= 1949 Liberian constitutional referendum =

Referendum abolishing the two-term limit on presidents

A constitutional referendum was held in Liberia on 3 May 1949. The changes to the 1847 constitution were approved in the Legislature in 1948, and abolished the two-term limit on presidents. The change was approved by voters.

==Constitutional change==
The proposed changes would be to Chapter III.

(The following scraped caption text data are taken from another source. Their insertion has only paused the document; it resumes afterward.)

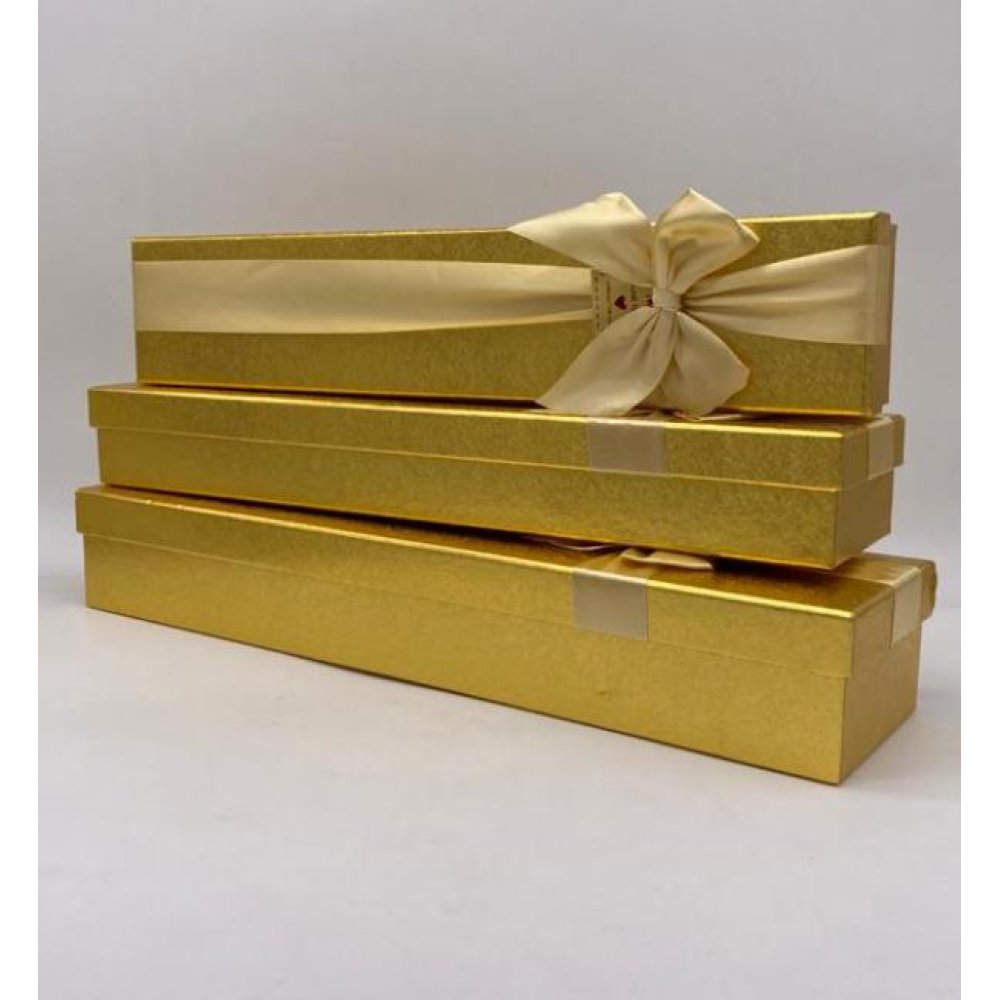 Toptan 3 lü Çiçek Hediye Kutusu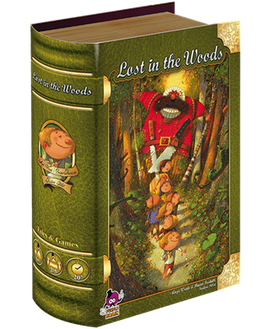 Lost in the Woods - Bards & Cards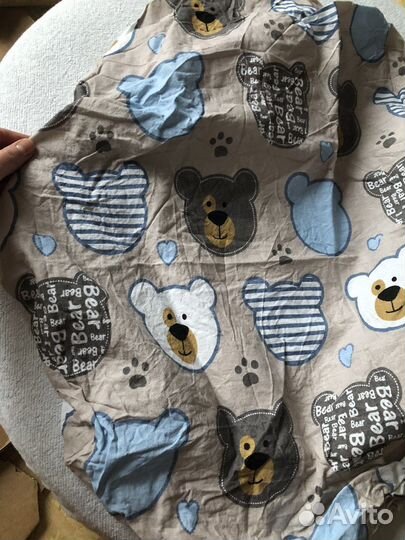 Матрас детский круглый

| Section | Original text | New text |
|---|---|---|
| Chapter III article 1 | The Supreme Executive Power shall be vested in a President who shall be elected by the people and shall hold office for a term of eight years. He shall be Commander-in-chief of the Army and Navy. He shall in the recess of the Legislature, have power to call out the Militia or any portion thereof, into actual service in defence of the Republic. He shall have power to make treaties, provided the Senate concur therein, by a vote of two thirds of the Senators present. He shall nominate, and with the advice and consent of the Senate appoint and commission, all Ambassadors, and other public Ministers and Consuls, Secretaries of State, of War, of the Navy, of the Treasury, Attorney General, all Judges of Courts, Sheriffs, Coroners, Marshals, Justices of the Peace, Clerks of Courts, Registers, Notaries Public, and all other officers of State civil and military, whose appointment may not be otherwise provided for by the Constitution, or by standing laws. | The Supreme Executive Power shall be vested in a President who shall be elected by the people and shall hold office for a term of eight years. No President may be elected for two consecutive terms of eight years, but should a majority of the ballots cast at a second or any other succeeding election by all of the electors voting thereat elect him, his second or any other succeeding term of office shall be for four years. He shall be Commander-in-chief of the Army, Navy and Air Forces. He shall in the recess of the Legislature, have power to call out the Militia or any portion thereof, into actual service in defence of the Republic. He shall have power to make treaties, provided the Senate concur therein, by a vote of two thirds of the Senators present. He shall nominate, and with the advice and consent of the Senate appoint and commission, all Ambassadors, and other public Ministers and Consuls, Secretaries of State, of National Defence, of the Treasury, Attorney General, all Judges of Courts, Sheriffs, Coroners, Marshals, Justices of the Peace, Clerks of Courts, Registers, Notaries Public, and all other officers of State civil and military, whose appointment may not be otherwise provided for by the Constitution, or by standing laws. |
| Chapter III article 5 section 1 | All Ambassadors and other public Ministers, and Consuls, the Secretary of State, of War, of the Treasury, and of the Navy, the Attorney General, and Postmaster General shall hold their offices during the pleasure of the President. Justices of the peace, sheriffs, coroners, marshals, clerks of courts, registers, and notaries public, shall hold their offices for the term of two years from the date of their respective commissions; but may be removed from office within that time by the President, at his pleasure: and all other officers whose terms of office may not be otherwise limited by law, shall hold their offices during the pleasure of the President. | All Ambassadors and other public Ministers, and Consuls, the Secretary of State, of National Defence, and of the Treasury, the Attorney General, and Postmaster General shall hold their offices during the pleasure of the President. Justices of the peace, sheriffs, coroners, marshals, clerks of courts, registers, and notaries public, shall hold their offices for the term of two years from the date of their respective commissions; but may be removed from office within that time by the President, at his pleasure: and all other officers whose terms of office may not be otherwise limited by law, shall hold their offices during the pleasure of the President. |

A two-thirds majority in the vote was necessary for the changes to be approved.